* ASSIGNMENT
What you return should be the lines from the one with "Iss Baarish Mein (Lyrical) — watch video" through the one with "Adressbuch Der Königl." in the data below, reproduced exactly with both ends, and no pictures at all.
━━━ RECORD SET
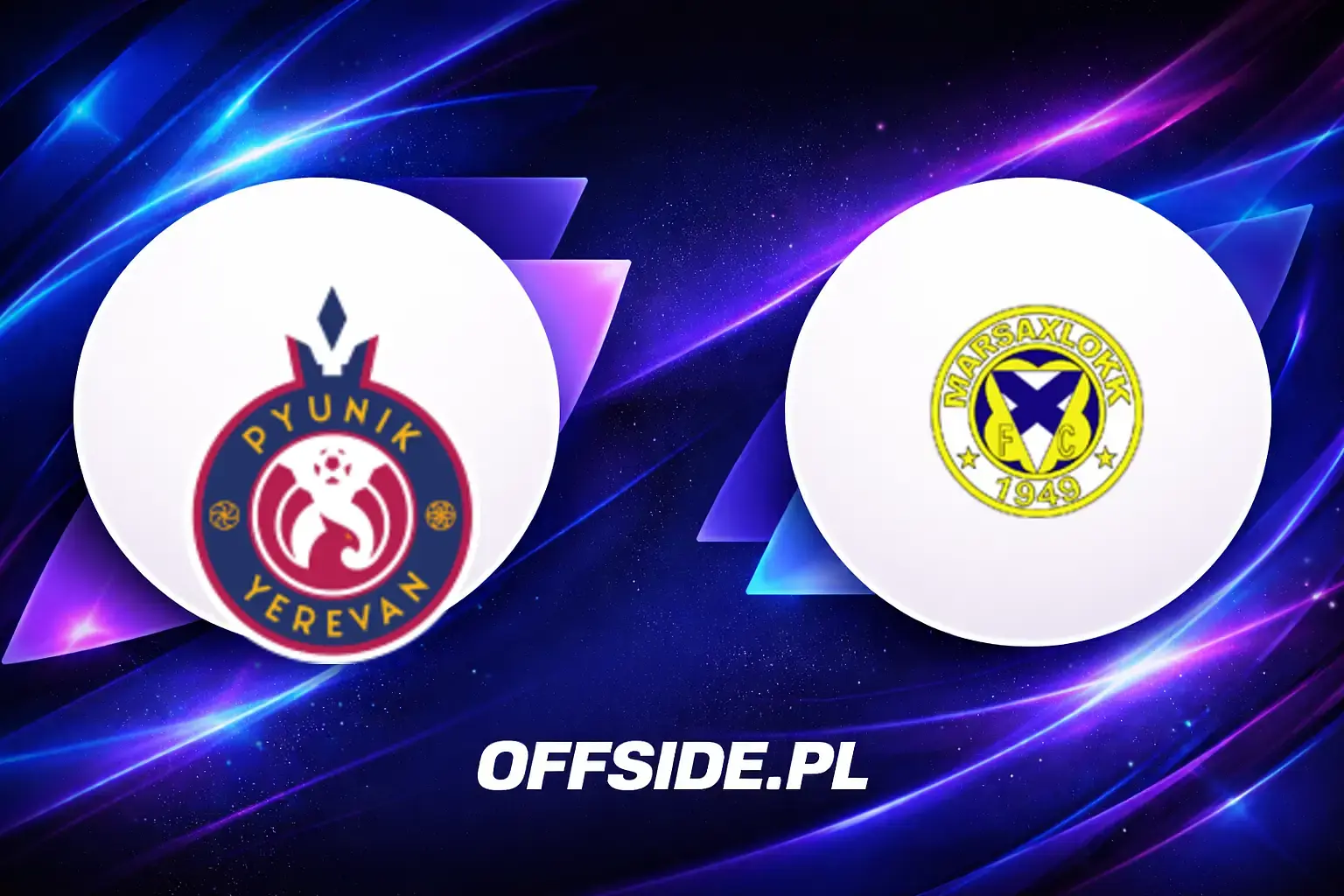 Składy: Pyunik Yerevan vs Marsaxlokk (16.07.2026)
━━━━━━
━━━ RECORD SET
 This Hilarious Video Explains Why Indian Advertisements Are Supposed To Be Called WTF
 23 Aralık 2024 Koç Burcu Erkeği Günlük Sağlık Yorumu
━━━━━━
━━━ RECORD SET
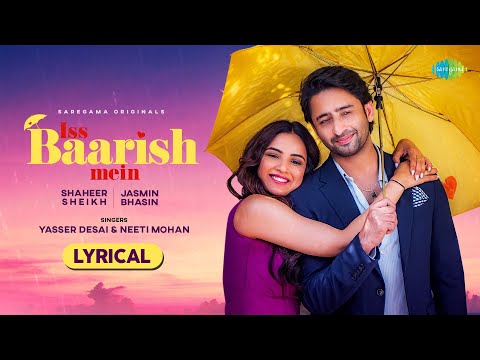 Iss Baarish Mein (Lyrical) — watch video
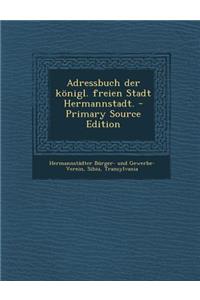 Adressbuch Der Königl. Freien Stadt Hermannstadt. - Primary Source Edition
━━━━━━
* THE COMPLETED TASK
 Iss Baarish Mein (Lyrical) — watch video
 Adressbuch Der Königl. Freien Stadt Hermannstadt. - Primary Source Edition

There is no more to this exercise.